“It is only the amount of needless secrecy I’ve subjected you to which prevents my laughing in your lovely face. If shackles won’t do it, I’ve half a mind to try iron bars. Just here,” he added, pausing uncertainly before a neat, narrow row house. “I bought this when I first inherited so we should always have a place to keep our heads out of the rain in the city. Garima used to use it . . . well, before. Should you like to come in, and speak with me? If not, I’ll find a cab and take you to your lodging house.”
My answer was a rather breathless yes, I should very much like to come in, because anxiety and hope were wrapping thick vines about my throat. I found myself in a pleasant sitting room with yellow and green Sikh tapestries upon the walls and a profusion of richly tasselled cushions on the furniture which the neighbours would have found highly disreputable. After carelessly tossing his greatcoat over a chair, Mr. Thornfield poured spirits into crystal glasses for us as he always did—though now we both removed our gloves—and I placed Sahjara’s cloak on a tree in the hall.
When I chose the armchair nearest the fire, he endearingly pulled up a footstool directly before me and sat, our heads now near upon a level. Before I knew what I was about, I stroked my fingers over his temple and he smiled with the roguishness of a tomcat. He placed our glasses upon the carpet.
“You invest me with hope you shan’t be punishing me for my asinine refusals with your absence.” He caught my fingers and wove them with his own. “All other punishments you care to mete out will be met with better bravery. Now. Let’s have your secrets. This house was heated and aired this morning, but I ordered all the servants away.”

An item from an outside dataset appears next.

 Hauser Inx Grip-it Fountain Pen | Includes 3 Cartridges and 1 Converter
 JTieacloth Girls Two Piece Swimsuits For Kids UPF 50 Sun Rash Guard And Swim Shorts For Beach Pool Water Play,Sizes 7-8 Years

At times, the swiftest cut is the cleanest, so I announced, “The name I gave you is a false one. As a girl, I lived at Highgate House. I am the illegitimate daughter of your aunt Patience Barbary’s husband, Richard Barbary, and a French dancer who went mad and took her own life.”
Mr. Thornfield’s dark brows are dashing enough to perform great sardonic feats, but I had never before seen them execute such acrobatics. Then his eyes brightened nearly to sapphire and his lips parted. “You don’t mean to tell me that you’re really Jane Steele?” he exclaimed.
“I . . . I do, actually. How—”
He slapped his knee, barking a laugh. “Mum used to mention you from time to time, the French changeling whose mother wormed her into an English estate. Awfully thick situation for Aunt Patience to swallow, but Chastity and Patience Goodwill never got on, you understand—Mum thought it rather a ripe coup d’état. Why didn’t you say something?”
Flushing beet red, I replied, “Your inheritance was unexpected. I wanted to live there again, thought that it may have been . . . mine.”
“And so it is!” he crowed. “Every brick, every weapon, every bloody blade of grass is as much yours as I am, darling, supposing you’ll give me a pallet in the stables and a crust from time to time. Are you quite mad?”
“I don’t want you to live on a pallet.” My tears spilled, and he painted his fingertips over my jaw. “I want you to live in my bones, but how can you not be angry I lied?”
“I’m a scoundrel, Jane. Born of scoundrels, bred of ’em to boot. Not to mention a whoreson bastard, as you yourself once called me, and I remember the occasion with great fondness save for the part where you toppled off a horse.”
“Oh, but there’s more, there’s—”
“Breathe, darling.” Running his palms down my arms, he cupped my small hands in his large ones as we had once done in his office. “Please, I’m drowning just looking at you. Have a spot of pity and breathe for me. So you’re a scoundrel too, I take it—I’d suggest we make matching uniforms, but that quite sabotages knavery, you see, and should thwart our purposes. What else?”
“I’m a murderess, sir.”
“Does she suppose me deaf and blind?” he cried incredulously. “Does she suppose I simply forgot that she—”
“Five times over.”
Charles Thornfield began to say something. Then, brushing his thumb under my damp eyes once more, he began to say something else. Finally, after puffing a vexed sigh, he muttered something else entirely, by which time I was prepared to die on the spot. I think my heart must have only commenced beating once more when the wry creases around his brows smoothed into softer seams, as he looked when he spoke with Sahjara or picked up a delicate antique volume from his library—as he looked when he wanted to take especial care. He passed me his kerchief, counting on his left hand.
“The first?” he questioned, and his rough voice had gentled.
“When I was a girl, my half brother tried to rape me and I pushed him,” I whispered. “He died. I used to— I no longer think that was entirely my fault; but it was the most important, for it was the first, and made me who I am.”
Mr. Thornfield’s eyes frosted over entirely. “Oh, my darling Jane. Next?”
“My headmaster gave me the choice of watching my friend starve or being sent to a madhouse. I stabbed him with a letter opener.”
He whistled, continuing to count. “Much more impressive. The third?”
“My landlord beat his wife until she lost their unborn child, so I pushed him into the Thames.”
“It’s not many corpses as can foul the Thames, bless ’em. You accomplished a miracle. Go on?”